Patrick McNameeKing has been an audio fanatic since he started playing music and building radios around age seven or eight. He enjoys finding secret climbing spots around the country, playing music with friends, traveling by foot and bicycle, learning new instruments, studying languages, and creating nonfiction audio stories.
What does your job entail at StoryCorps?
I’m the manager of recording operations. There isn’t one way to say what I do, but broadly, I make sure that StoryCorps is equipped to collect photos and audio that are of the highest possible quality. These media assets are archived at the Library of Congress and from a technical perspective, I want to ensure we are able to take the highest-fidelity snapshot of life in America that we can. Some of the ways I do this include: training staff to use our recording equipment, managing the functionality of our five recording venues, and designing recording workflows for one-off projects and installations.
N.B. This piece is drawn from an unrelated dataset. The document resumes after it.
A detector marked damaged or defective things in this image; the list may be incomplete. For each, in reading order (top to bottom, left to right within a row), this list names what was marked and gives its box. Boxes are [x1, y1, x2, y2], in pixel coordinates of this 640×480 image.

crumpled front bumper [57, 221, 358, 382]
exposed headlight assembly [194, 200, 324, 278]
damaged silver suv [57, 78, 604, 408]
During a given week, what activities might you be engaged in?
I could be building recording kits for the L&E [Learning and Engagement] team, learning about design constraints from acoustical materials fabricators, and then catching a plane to set up an Airstream trailer at a Custom Services engagement.
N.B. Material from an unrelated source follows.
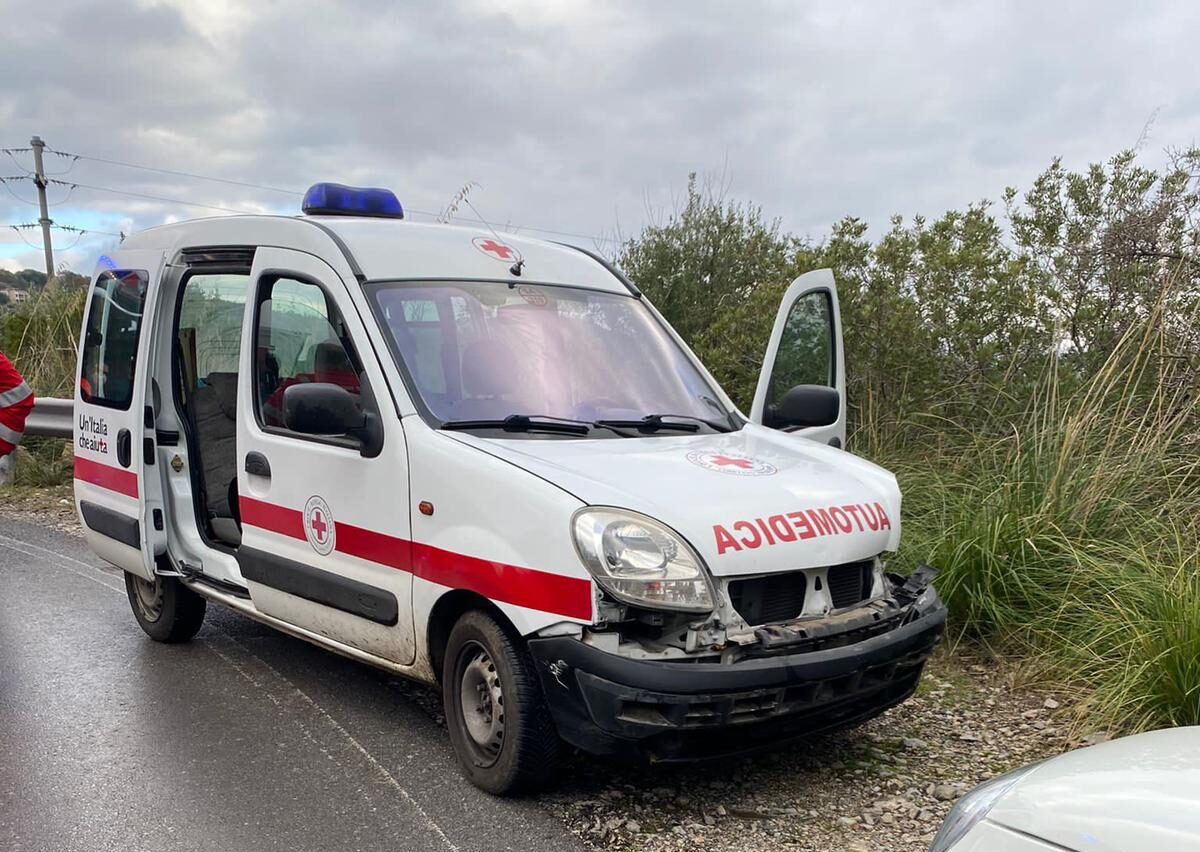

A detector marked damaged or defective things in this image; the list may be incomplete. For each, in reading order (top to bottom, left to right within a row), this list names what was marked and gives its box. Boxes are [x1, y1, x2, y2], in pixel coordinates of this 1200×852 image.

broken front grille [824, 564, 872, 608]
cracked front bumper [528, 588, 948, 764]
What drew you to work at StoryCorps?
A few years ago, while juggling a number of different jobs, I was volunteering at a local radio station and also with an advocacy group. I started to bring those two worlds together and saw firsthand, the power of compassionate listening has to remind us of the throughlines across the human experience and how this can lead to a celebration of the things that make us different.
A friend saw the listing for this job online, and forwarded it to me, thinking I’d be a good fit. She was right!
What’s most fulfilling about your job?
Every day is different and while I’m based in Brooklyn, I get to spend a lot of time on the road. I love that I get to travel all over the country.
What’s the biggest challenge of your job?
I find it challenging when things slow down and I don’t have enough puzzles to solve. I once saw an interview with Jack White where he said that on stage, he places the organ one step further away from his main vocal microphone than is comfortable. He said that because of the distance, he has to work harder to get to the instrument in time to play the right notes and that extra effort is what makes the music sound cool. This resonates with how I like to live my life and I feel lucky to have a job where that approach fits nicely.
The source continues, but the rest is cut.